The invention relates to self-refrigerating devices employing evaporation/condensation processes. Specifically the invention relates to methods for the preparation of sorbent materials useful in such devices, and the sorbent materials resulting from these preparation methods.
Self-refrigerating devices are known in the art. These devices are designed to provide cooling without resort to external sources of cooling such as electricity, ice and the like. These devices can also be designed to be highly portable. Conveniently, they are designed to deliver cooling on a single-use basis, and are therefore disposable.
Many products, including liquid products, have more favorable properties when cold than when at ambient temperatures. Thus, cooling of these products to temperatures of between about 0° C. and 20° C. is desirable. Generally, such cooling is carried out by electrically-powered refrigeration units, or by means of a phase change material such as ice. The use of these units to cool such foods and beverages is not always practical because refrigerators generally require a source of electricity, they are not usually portable, and they do not cool the food or beverage quickly.
An alternate method for providing a cooled material on demand is to use portable insulated containers. However, these containers function merely to maintain the previous temperature of the food or beverage placed inside them, or they require the use of ice cubes to provide the desired cooling effect When used in conjunction with ice, insulated containers are much more bulky and heavy than the food or beverage. Moreover, in many locations, ice may not he readily available when the cooling action is required.

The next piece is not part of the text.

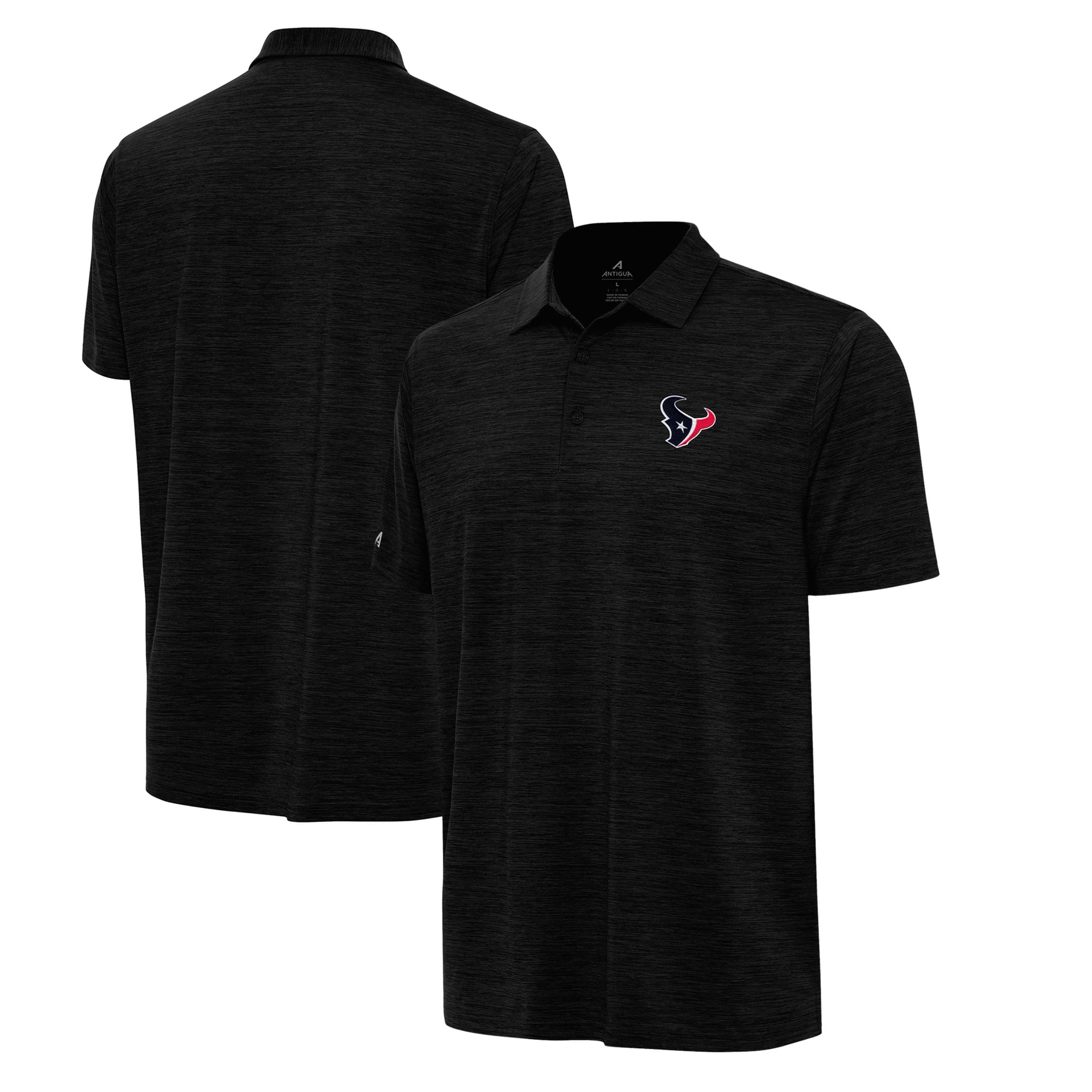 Men’s Antigua Heather Black Houston Texans Layout Polo Men’s Antigua Heather Black Houston Texans Layout Polo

Ice cubes have also been used independently to cool food or beverages rapidly. However, use of ice independently for cooling is often undesirable because ice may be stored only for limited periods above 0° C. Moreover, ice may not be available when the cooling action is desired.
In addition to food and beverage cooling, there are a number of other applications for which a portable cooling device is extremely desirable. These include medical applications, including cooling of tissues or organs; preparation of cold compresses and cryogenic destruction of tissues as part of surgical procedures; industrial applications, including production of cold water or other liquids upon demand; preservation of biological specimens; cooling of protective clothing; and cosmetic applications. A portable cooling apparatus could have widespread utility in all these areas.

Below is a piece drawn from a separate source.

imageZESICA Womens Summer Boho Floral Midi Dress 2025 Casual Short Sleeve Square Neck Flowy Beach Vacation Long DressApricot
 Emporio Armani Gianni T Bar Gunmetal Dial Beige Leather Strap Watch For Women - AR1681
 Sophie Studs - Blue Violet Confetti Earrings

Most attempts to build a self-contained miniaturized cooling device have depended on the use of a refrigerant liquid stored at a pressure above atmospheric pressure, so that the refrigerant vapor could be released directly to the atmosphere. Unfortunately, many available refrigerant liquids for such a system are either flammable, toxic, harmful to the environment, or exist in liquid form at such high pressures that they represent an explosion hazard in quantities suitable for the intended purpose. Conversely, other available refrigerant liquids acceptable for discharge into the atmosphere (such as carbon dioxide) have relatively low heat capacities and latent heats of vaporization. As a result, some cooling devices which release carbon dioxide are more bulky than is commercially acceptable for a portable device.

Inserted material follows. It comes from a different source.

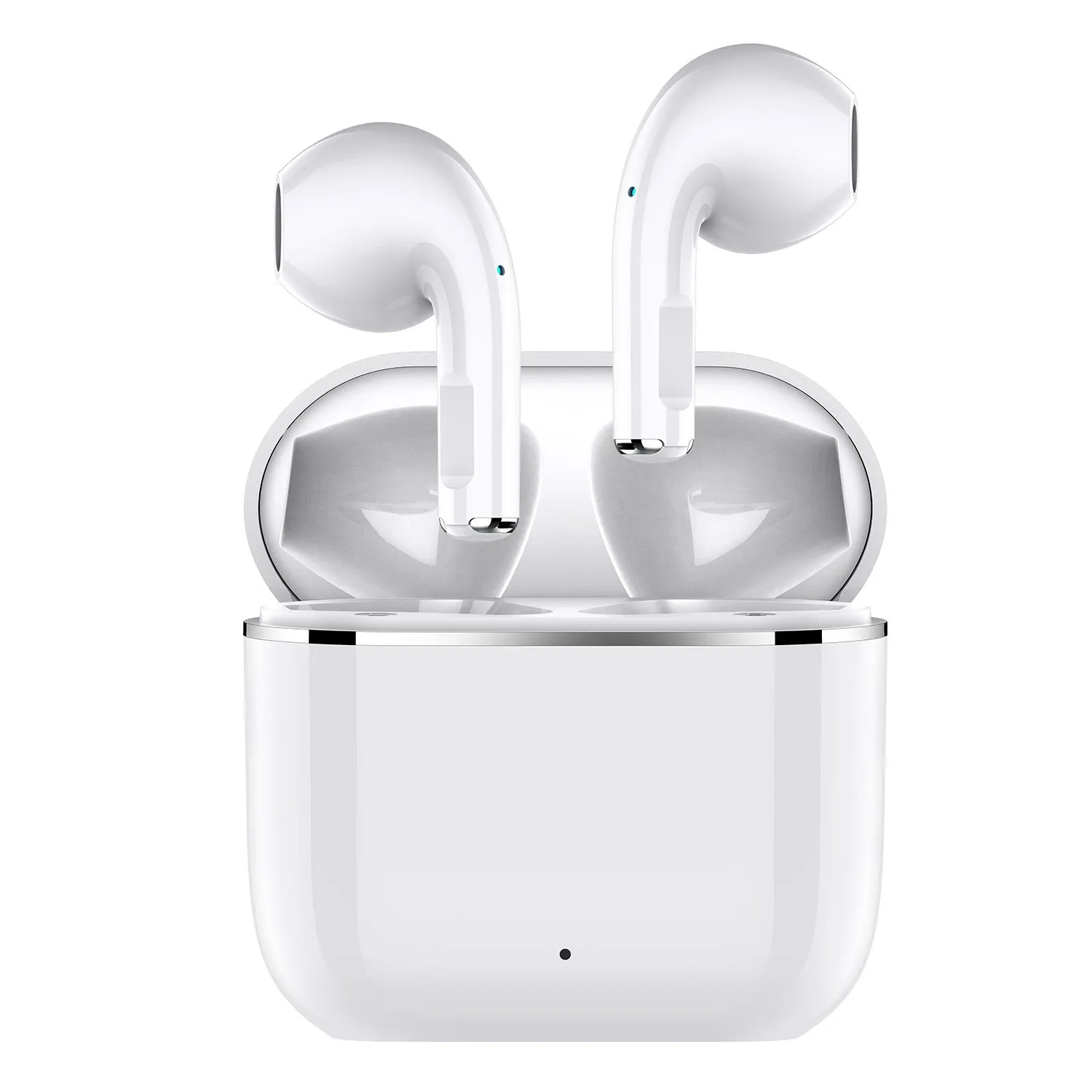 Wireless half in-ear Bluetooth headset in white with plastic build and compact charging case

An alternate procedure for providing a cooling effect in a portable device is to absorb or adsorb the refrigerant vapor in a chamber separate from the chamber in which the evaporation takes place. In such a system, the refrigerant liquid boils under reduced pressure in a sealed chamber and absorbs heat from its surroundings. The vapor generated from the boiling liquid is continuously removed from the first chamber and discharged into a second chamber containing a desiccant or sorbent that absorbs the vapor.